Problem description →
Copy exactly, beginning with the line holding "Field maple (Acer campestre) buds" and ending with the final line of the data beneath this task; copy nothing else, and leave out every picture.

Data →
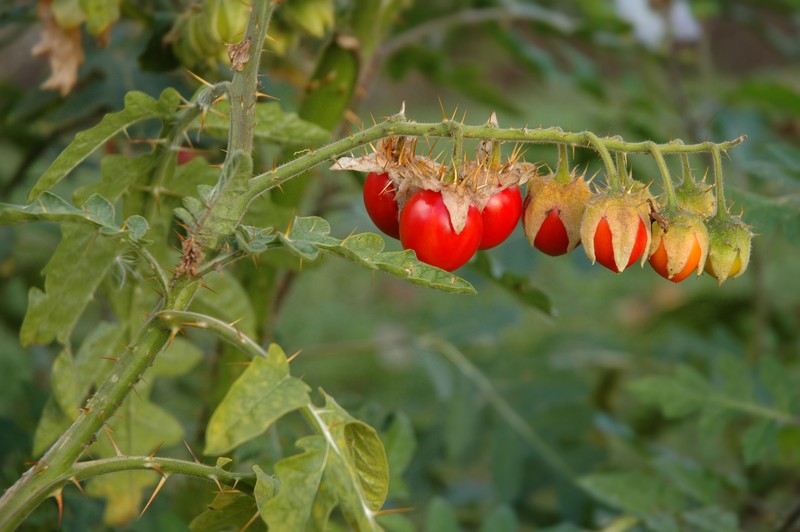 Melonleaf Nightshade photo 3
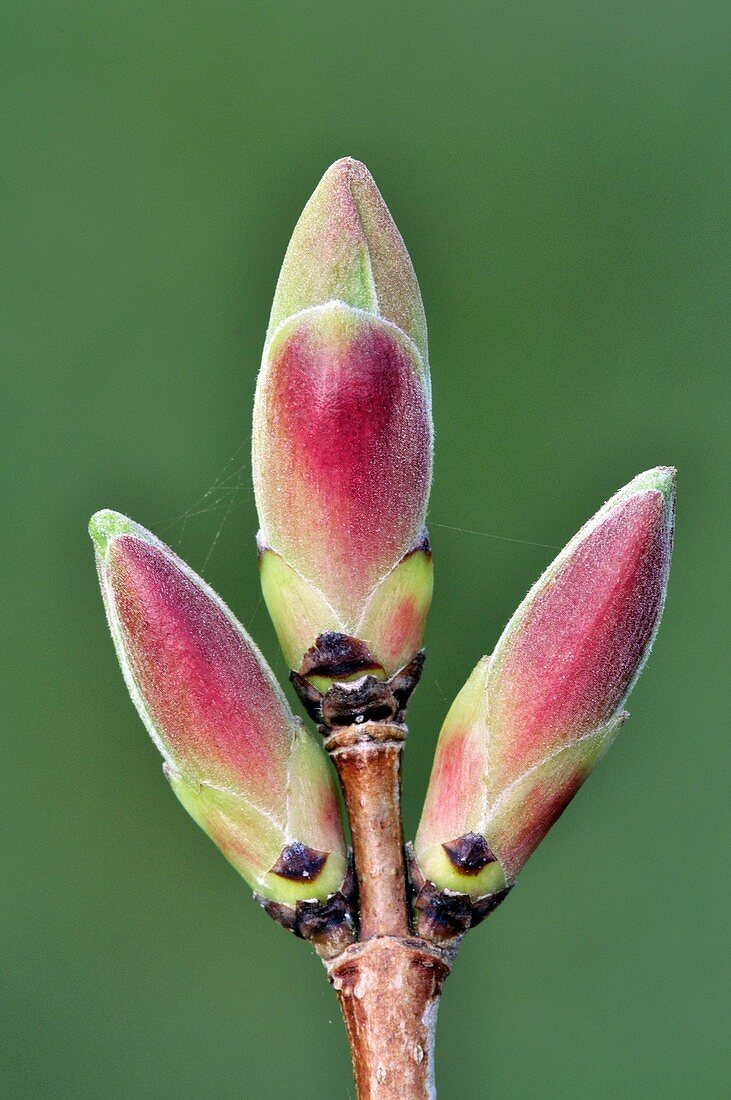 Field maple (Acer campestre) buds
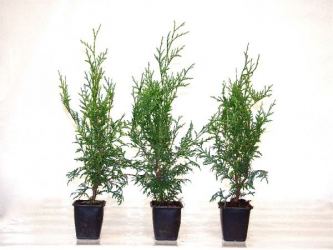 Thuja brabant im 0,5L Topf, 30-40 cm Größe 30-40cm, 1L Topf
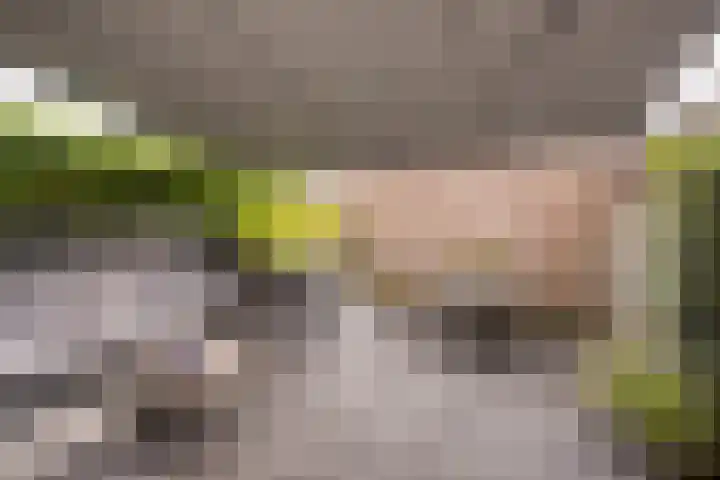 Botter 26 Nijkerk thumbnail 33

Solution to the exercise →
 Field maple (Acer campestre) buds
 Thuja brabant im 0,5L Topf, 30-40 cm Größe 30-40cm, 1L Topf
 Botter 26 Nijkerk thumbnail 33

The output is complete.